Hopefully you obtained disability insurance when you were still a resident and qualified for the Guaranteed Standard Issue (GSI) rates for new physicians. Disability insurance isn’t cheap, though, and maybe you kept your benefit low so that you could afford the payments early on.
But now, you have more income, and the payments would be less of a burden. Does your insurance policy have a benefit increase option and if so, did you remember to increase your benefit as your income cushion has widened? If you become disabled now, you probably will need more income than you did when you first came out of residency. You have more expenses. So always be sure that your disability benefit matches your income needs should you become disabled and can no longer work.
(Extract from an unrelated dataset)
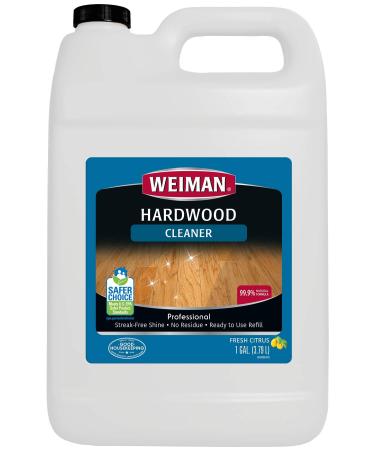 Weiman Hardwood Floor Cleaner - 128 Ounce Refill - Finished Engineered Hardwood Floors 128.0 Ounce - Buy Online on GoSupps.com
Eventually, you’ll be able to self-insure this risk and drop the coverage. But that time is probably not yet.
And what about life insurance? If you die and you are the primary provider for your family, will they have enough to maintain the standard of living and to achieve the goals that you have in mind for them?
Don’t be fooled by insurance salesmen who are trying to get you to buy insurance couple with an investment vehicle (aka whole life or universal life insurance). The investment part of that is always going to come with a higher cost and worse options than if you invest it on your own outside of the insurance company.
Get term insurance, but make sure the coverage is sufficient and lasts long enough—until your nest egg is sufficient to provide for your family, regardless of what happens to you or your income. And don’t forget to invest that extra money that you are saving from wisely choosing term insurance over whole life. That decision doesn’t help you if you just spend the money instead.
Closing Thoughts
Mid-career is a crucial turning point. You're no longer just trying to survive—you’re building your legacy. Avoiding these common mistakes can help ensure that your hard work today translates into options, freedom, and financial peace down the road.